NEET: An acronym meaning “not in education, employment or training,” used as self-deprecation.
incel: An “involuntary celibate,” i.e., someone who wishes to have sex but can’t find a sexual partner.
Lügenpresse: Meaning “lying press” in German, this phrase was used frequently by Nazi officials and has been resurrected by the alt-right as an insult to mainstream media outlets.
SJW: An acronym for “social justice warrior,” a now-common way of mocking those concerned with civil rights.
white genocide: A favorite among white nationalists, this conspiracy theory suggests multiculturalism (among other things) is part of a plot to eradicate white people from the United States and Europe.
NRx-ers: A shortened version of Neoreactionism, a philosophy among some in alt-right circles who believe autocracy is preferable to democracy.

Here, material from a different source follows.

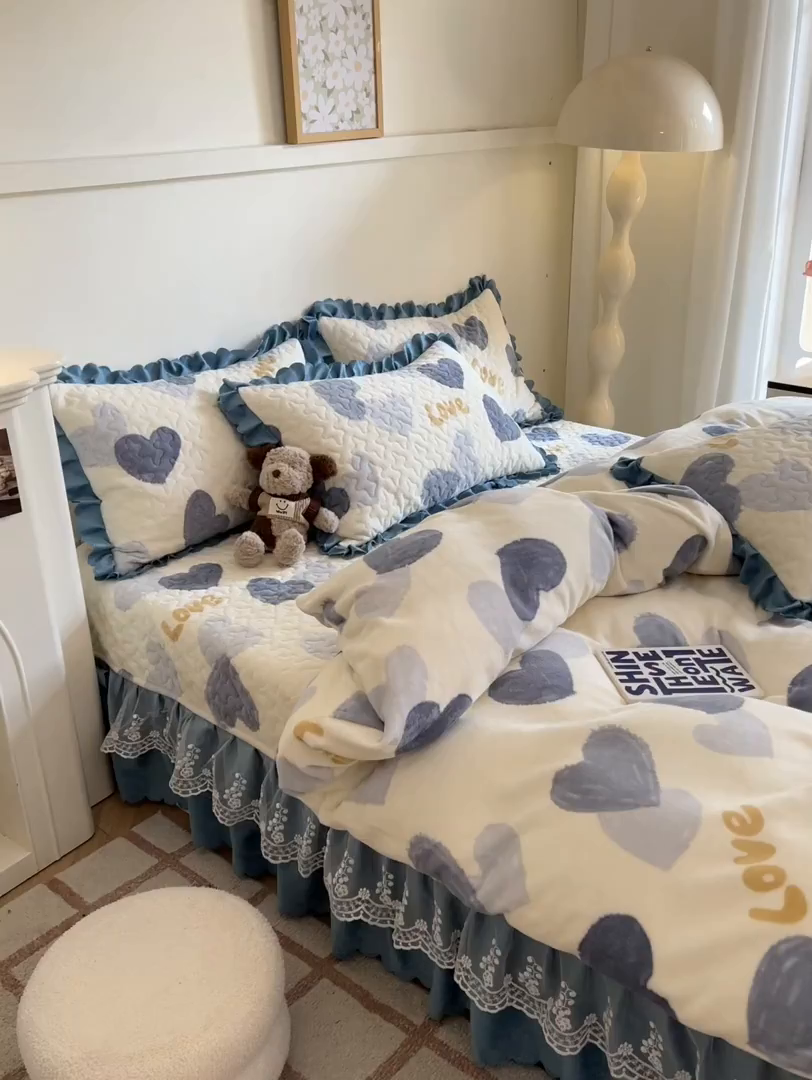 91家纺网 家纺一手货源 找家纺 金梦家居 2025新款高克重牛奶绒印花床盖四件套 怦然心动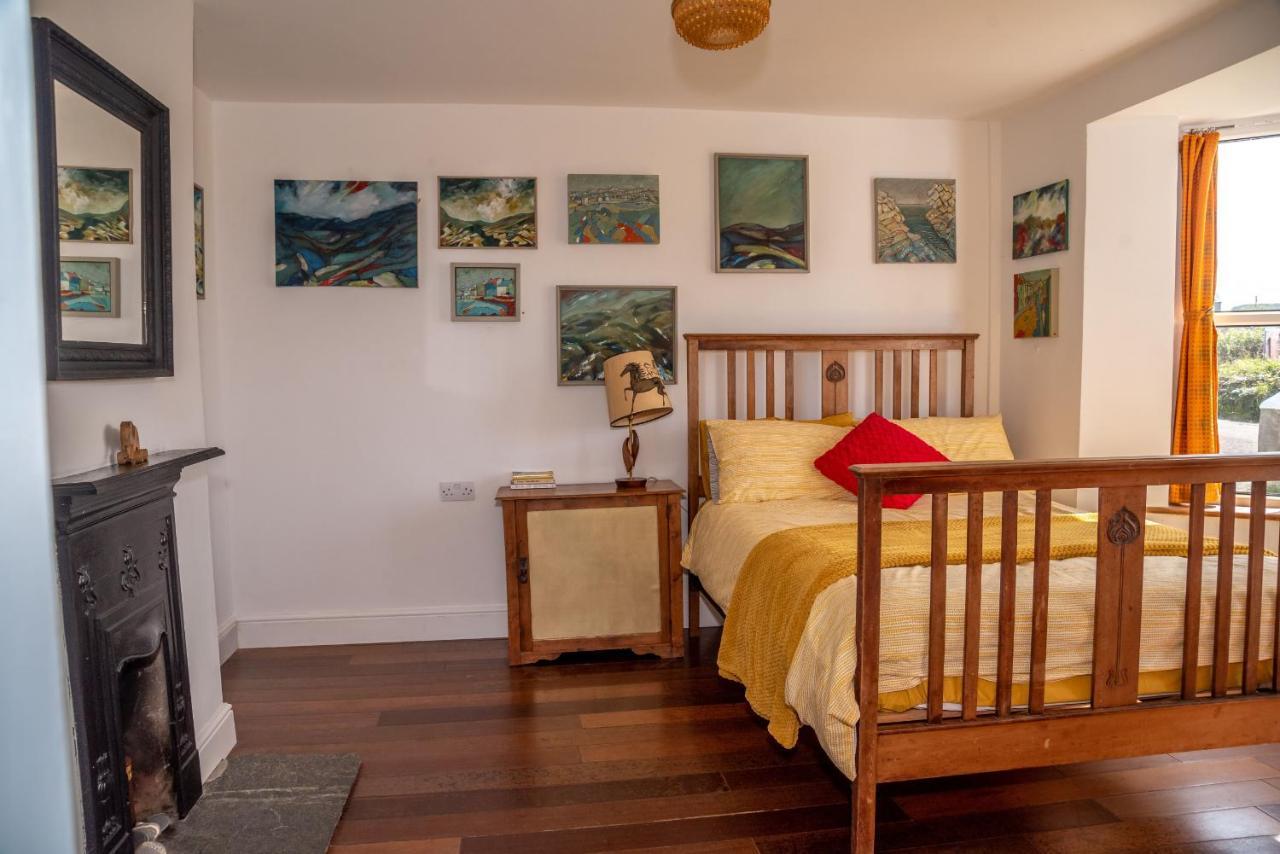 Finest Retreats - Western Watch - Sea Views, Pets Accepted, Sleeps 6 Lower Boscaswell Bagian luar foto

Pepe the Frog: A once-innocent cartoon since coopted by far-right influencers as a mascot and meme for their movement.
Trash Dove: Another coopted cartoon, this purple pigeon began as a Facebook sticker before trolls turned it into a pro-Nazi image as a joke. The line between joke and serious symbol of Nazi leanings has since become blurred.
Moon Man: Once a McDonald’s ad campaign mascot, the KKK-resembling character has become a quintessential example of the alt-right’s use of humorous pop-culture references to represent less-than-humorous ideals.